*TASK*:
Leave every picture out and return the rest of the listing verbatim.

*DATA RECORDS*:
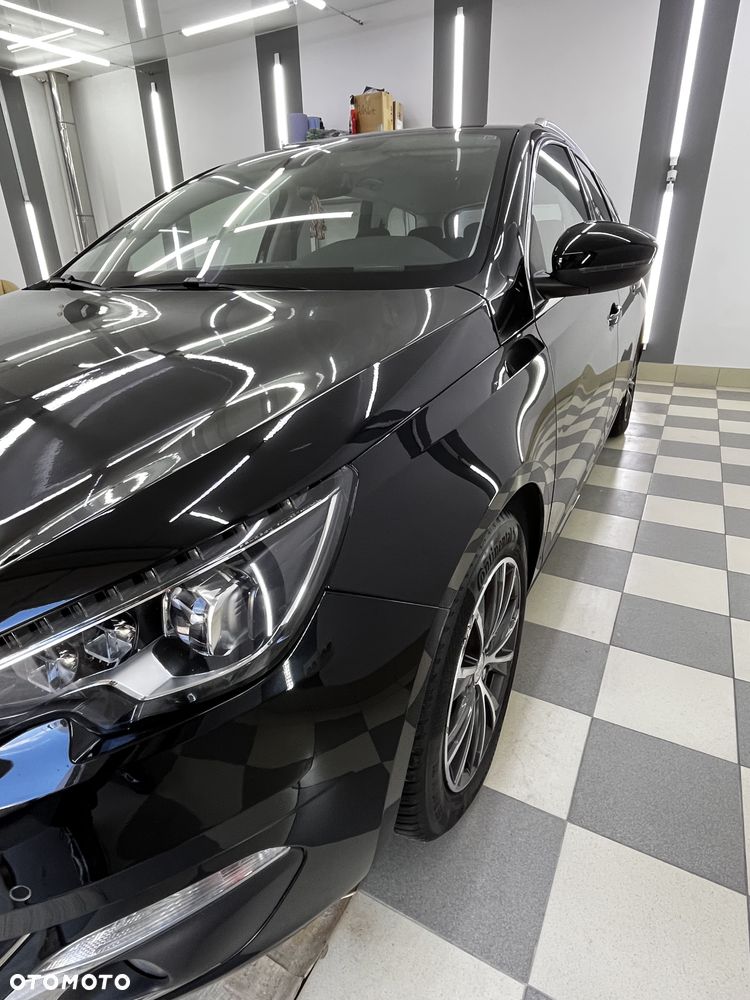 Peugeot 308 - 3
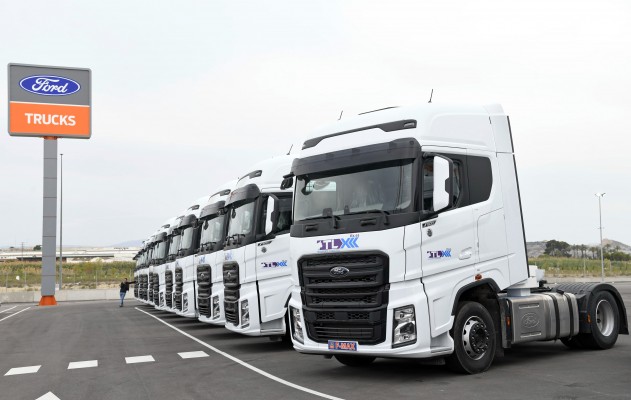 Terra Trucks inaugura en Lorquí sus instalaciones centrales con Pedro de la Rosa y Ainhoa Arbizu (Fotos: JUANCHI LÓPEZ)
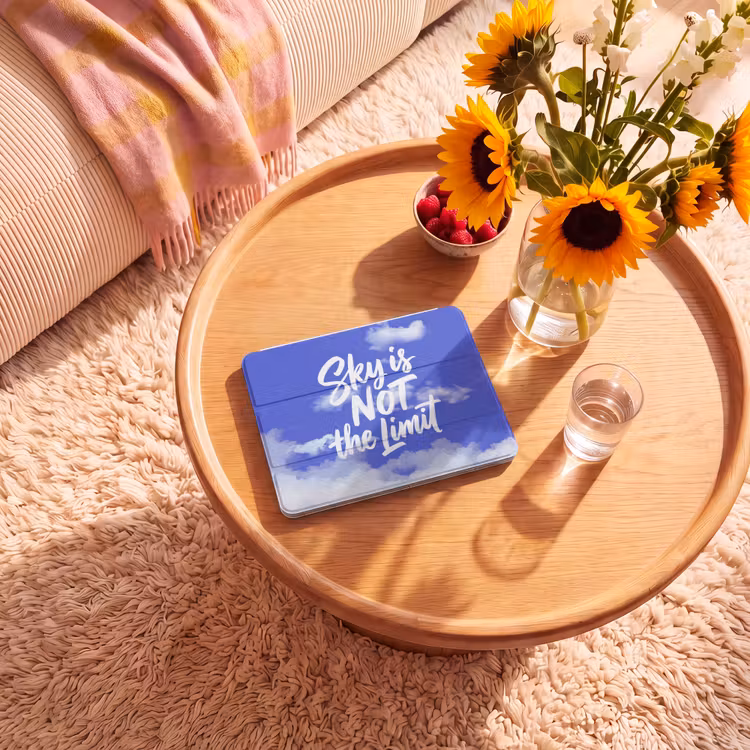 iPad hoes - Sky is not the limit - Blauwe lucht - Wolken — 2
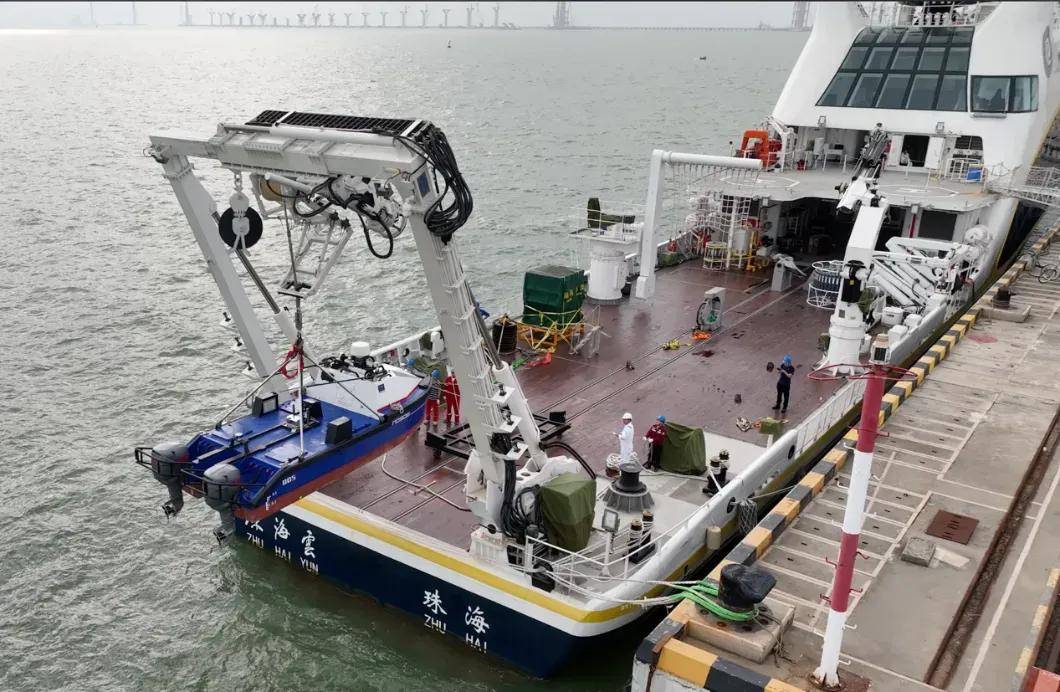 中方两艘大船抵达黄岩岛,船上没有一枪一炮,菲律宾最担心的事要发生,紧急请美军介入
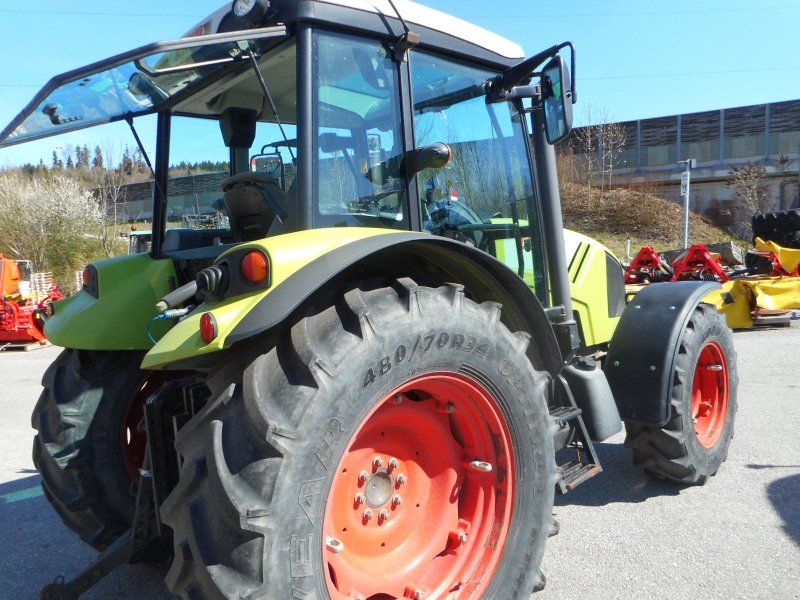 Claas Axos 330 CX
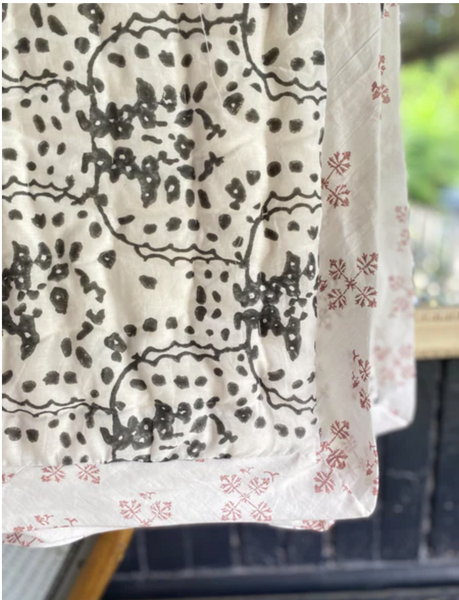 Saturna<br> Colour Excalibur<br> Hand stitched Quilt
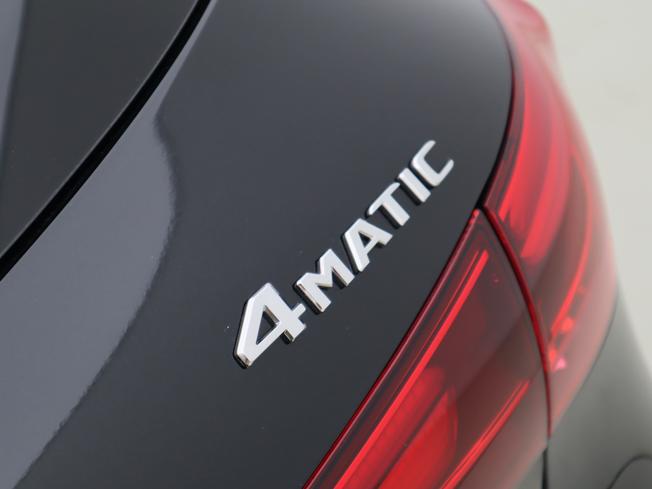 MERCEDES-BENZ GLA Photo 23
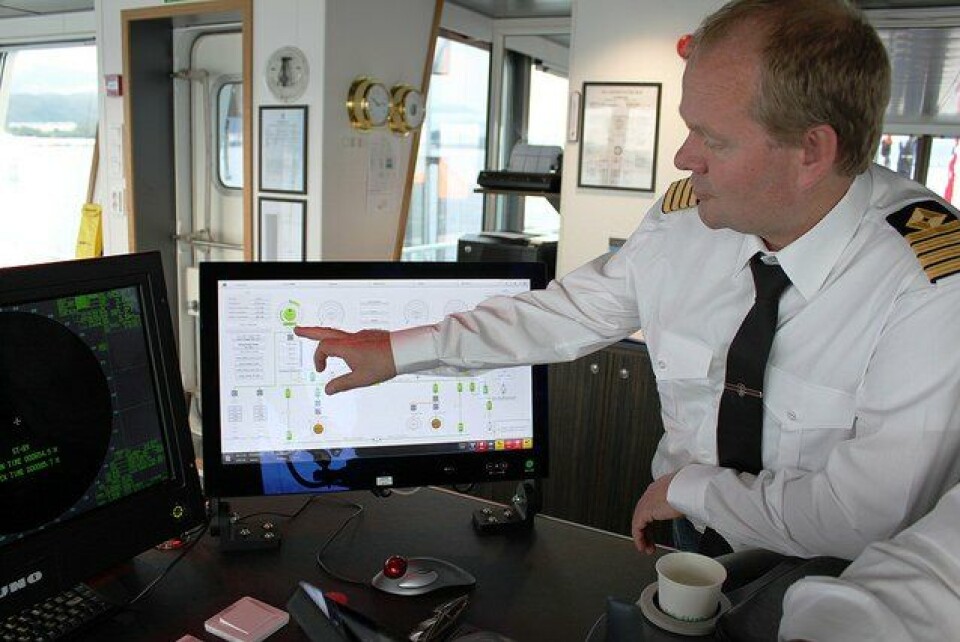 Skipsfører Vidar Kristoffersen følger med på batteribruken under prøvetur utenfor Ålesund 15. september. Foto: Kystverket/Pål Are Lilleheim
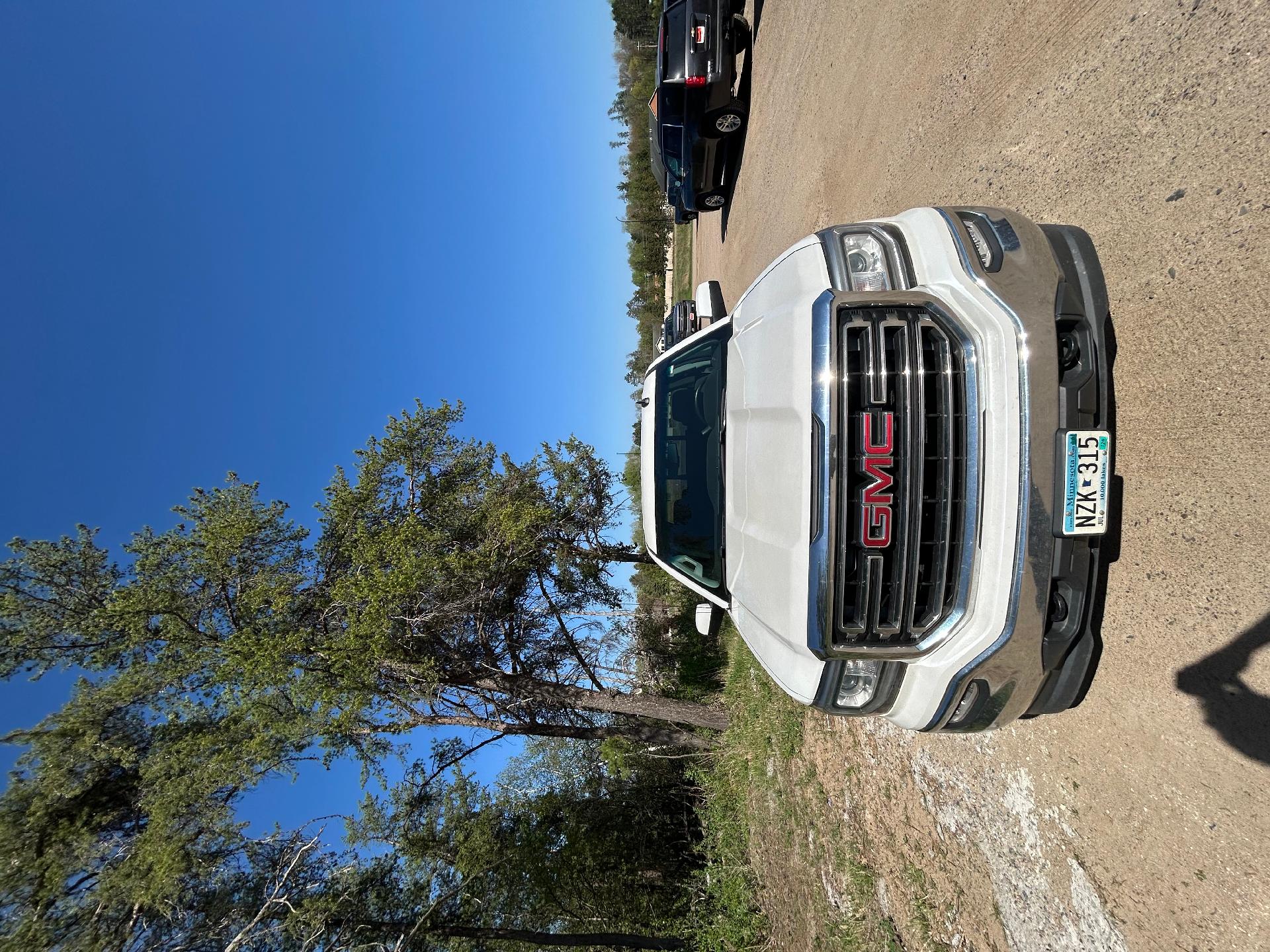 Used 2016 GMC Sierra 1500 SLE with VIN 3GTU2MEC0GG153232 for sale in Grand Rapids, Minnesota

*REPLY*:
 Peugeot 308 - 3
 Terra Trucks inaugura en Lorquí sus instalaciones centrales con Pedro de la Rosa y Ainhoa Arbizu (Fotos: JUANCHI LÓPEZ)
 iPad hoes - Sky is not the limit - Blauwe lucht - Wolken — 2
 中方两艘大船抵达黄岩岛,船上没有一枪一炮,菲律宾最担心的事要发生,紧急请美军介入
 Claas Axos 330 CX
 Saturna<br> Colour Excalibur<br> Hand stitched Quilt
 MERCEDES-BENZ GLA Photo 23
 Skipsfører Vidar Kristoffersen følger med på batteribruken under prøvetur utenfor Ålesund 15. september. Foto: Kystverket/Pål Are Lilleheim
 Used 2016 GMC Sierra 1500 SLE with VIN 3GTU2MEC0GG153232 for sale in Grand Rapids, Minnesota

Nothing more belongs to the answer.